The assays were carried out as described by Banfi et al., 2003 (www.pacb.com) with modifications. The microdilution test was performed in 96-well plates. Two-fold dilutions of each drug were prepared in the test wells in complete 7H9 and Sauton broth for a final concentration from 10 down to 0.0048 μg/ml). Five microliters of each bacterial suspension were added to 100 uL drug-containing culture medium. Control wells were prepared using culture medium only and the bacterial suspension. For M. tuberculosis, the plates were sealed and incubated for seven days at 37 °C. M. aurum and M. smegmatis were cultivated at 37 °C overnight. For M. marinum, the bacterial culture was incubated at 33 °C during 4 days. After this incubation period, 30 ul of 0.01% resazurin solution was added to each well. The plates were incubated at their respective optimal temperature for an additional 24 h. The MIC was determined as the lowest concentration of antimicrobial agent at which no growth was observed. Blue wells are due to the absence of growth whereas pink wells reflect the presence of growing bacteria. All experiments were performed in triplicate for each mycobacterial species and for each drug tested in this study. The total number of viable bacteria was determined from the control wells after plating on 7H11 agar plates.
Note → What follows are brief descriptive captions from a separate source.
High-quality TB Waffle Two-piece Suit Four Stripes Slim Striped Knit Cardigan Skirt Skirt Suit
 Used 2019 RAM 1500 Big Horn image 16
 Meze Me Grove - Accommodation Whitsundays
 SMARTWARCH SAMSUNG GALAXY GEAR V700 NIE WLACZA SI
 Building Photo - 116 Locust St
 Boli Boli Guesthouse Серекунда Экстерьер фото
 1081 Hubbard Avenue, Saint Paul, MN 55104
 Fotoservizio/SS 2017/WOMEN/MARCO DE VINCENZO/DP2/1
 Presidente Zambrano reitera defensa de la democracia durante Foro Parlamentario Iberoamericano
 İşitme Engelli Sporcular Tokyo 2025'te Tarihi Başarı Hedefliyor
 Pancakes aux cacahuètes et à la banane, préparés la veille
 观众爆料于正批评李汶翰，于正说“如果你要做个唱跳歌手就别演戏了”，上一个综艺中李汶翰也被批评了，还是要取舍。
M. aurum genome sequencing and assembly

A Pacific Biosciences RSII system (PacBio, University of Washington, Seattle, WA) was used [29] to obtain the complete genome sequence of M. aurum. A 3 to 20 kb library of this strain was prepared and sequenced using C2 chemistry kits on one single-molecule real-time (SMRT) cell with a 90-min collection protocol, achieving an average genome coverage of >100× for the strain. The 3 to 20- kb continuous-long-read (CLR) data were assembled de novo using the PacBio Hierarchical Genome Assembly Process 2 (HGAP2)/Quiver software package. The 5′ and 3′ 10 kb regions were investigated and aligned using Geneious (version 7.1) to identified primer sequence and overlapping regions.

M. aurum genome annotation

The complete genome sequence of M. aurum was submitted to the online Rapid Annotation Subsystems Technology (RAST) server [30, 31]. The tRNA and rRNA genes were verified using the tRNAscan-SE search server [32] and RNammer [33]. This genome annotation was used to identify the gene dnaA, which was used as the first gene of the M. aurum genome. The last annotated gene was rpmH gene. This genome manipulation was done using Geneious (version 7.1). The annotation of M. aurum using RAST and Prokka (data not shown), did not lead to the identification of any plasmid coding sequences. In addition, we analyzed the genome sequence using PlasmidFinder (version 1.3) that also showed no plasmid sequences in the M. aurum genome.

Comparative genomics

All open reading frames (ORFs) annotated in the genome sequences of M. tuberculosis H37Rv, M. smegmatis, and M. marinum were retrieved from the National Center for Biotechnology Information (NCBI) website. These ORFs were combined with those identified in the genome sequence of M. aurum and compared using a Reciprocal Best Hit (RBHs) strategy with an E-value threshold of up to 100 to maximize our chances of finding homologs. We used UBLAST, as implemented in the sequence analysis multitool USEARCH (version 8.1.1812). Several python scripts were written to compare and manage the generated data. Data visualization was made using BRIG [31].

Functional classification using Tuberculist and KEGG pathways

All functional categories were obtained using the Kyoto Encyclopedia of Genes and Genomes (KEGG) [34] and Tuberculist (http://tuberculist.epfl.ch/). A python script was written to retrieve the Tuberculist and KEGG functional categories relative to M. tuberculosis H37Rv. Several python scripts were written to visualize the different data as a treemap.